Writing and development
On December 30, 2009, along with the announcement of then-forthcoming release of their forty-second single, "Onna ga Medatte Naze Ikenai", it was also announced that the group would be releasing their tenth studio album on March 17, 2010. According to Tsunku, "Genki Pikappika!" was originally chosen as the opening track for the album; however, he felt that "Moonlight Night (Tsukiyo no Ban da yo)" was a better choice.
The Chinese version of "Ame no Furanai Hoshi de wa Aisenai Darō?" was included in the album as a chance to give the two Chinese members, Junjun and Linlin, a chance to shine and challenge the other members.

Singles
"Shōganai Yume Oibito" was released as the album's lead single in Japan on May 13, 2009 and topped the Oricon single chart. This became their first number-one single since 2006's "Aruiteru" and extended their record for having the most number-one singles for a female group.

The second single was "Nanchatte Ren'ai", released on August 12, 2009, nearly 3 months after the release of "Shōganai Yume Oibito". It debuted at number-two on the Oricon single chart.

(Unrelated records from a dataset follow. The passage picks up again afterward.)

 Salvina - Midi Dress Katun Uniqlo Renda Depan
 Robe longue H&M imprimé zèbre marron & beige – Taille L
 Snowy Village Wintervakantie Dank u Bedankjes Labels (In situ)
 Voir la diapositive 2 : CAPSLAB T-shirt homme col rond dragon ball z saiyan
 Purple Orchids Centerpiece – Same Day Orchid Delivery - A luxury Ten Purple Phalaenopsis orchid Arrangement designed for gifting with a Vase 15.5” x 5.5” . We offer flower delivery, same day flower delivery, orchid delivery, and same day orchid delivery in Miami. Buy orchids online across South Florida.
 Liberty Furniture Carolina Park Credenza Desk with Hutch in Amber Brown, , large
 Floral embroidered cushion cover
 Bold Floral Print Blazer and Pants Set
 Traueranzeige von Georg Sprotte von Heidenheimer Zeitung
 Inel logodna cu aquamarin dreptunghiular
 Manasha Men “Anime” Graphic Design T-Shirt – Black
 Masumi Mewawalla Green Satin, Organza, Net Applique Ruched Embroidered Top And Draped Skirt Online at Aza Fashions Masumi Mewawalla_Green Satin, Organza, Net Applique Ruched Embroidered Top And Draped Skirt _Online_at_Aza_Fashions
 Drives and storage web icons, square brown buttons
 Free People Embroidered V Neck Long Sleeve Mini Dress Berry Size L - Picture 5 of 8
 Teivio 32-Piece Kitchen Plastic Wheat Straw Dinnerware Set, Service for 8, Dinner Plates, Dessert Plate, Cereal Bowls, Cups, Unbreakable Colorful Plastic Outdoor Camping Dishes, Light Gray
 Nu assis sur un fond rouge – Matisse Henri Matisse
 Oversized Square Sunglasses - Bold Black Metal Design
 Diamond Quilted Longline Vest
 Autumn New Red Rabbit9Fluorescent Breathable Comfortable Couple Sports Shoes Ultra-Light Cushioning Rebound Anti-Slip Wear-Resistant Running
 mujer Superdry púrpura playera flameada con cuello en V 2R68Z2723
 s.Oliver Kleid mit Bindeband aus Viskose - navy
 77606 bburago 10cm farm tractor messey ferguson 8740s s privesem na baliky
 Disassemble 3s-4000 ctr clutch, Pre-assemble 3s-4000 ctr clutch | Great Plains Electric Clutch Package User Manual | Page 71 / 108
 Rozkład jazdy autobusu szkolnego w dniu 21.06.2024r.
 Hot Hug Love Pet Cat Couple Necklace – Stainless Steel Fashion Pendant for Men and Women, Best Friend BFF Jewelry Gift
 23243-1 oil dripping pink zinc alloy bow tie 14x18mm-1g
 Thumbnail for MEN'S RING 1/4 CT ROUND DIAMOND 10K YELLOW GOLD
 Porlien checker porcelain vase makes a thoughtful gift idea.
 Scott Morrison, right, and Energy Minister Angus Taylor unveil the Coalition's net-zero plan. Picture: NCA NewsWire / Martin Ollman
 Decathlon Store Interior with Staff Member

This made them the second group to have forty Top 10 singles since their debut after Japanese pop boy band SMAP, who accomplished this feat back in October 2006.

The third single, "Kimagure Princess", was released on October 28, 2009 and would be the last single for Koharu Kusumi, who joined the group as the only seventh generation member in 2005. "Kimagure Princess" debuted at number four on the Oricon charts.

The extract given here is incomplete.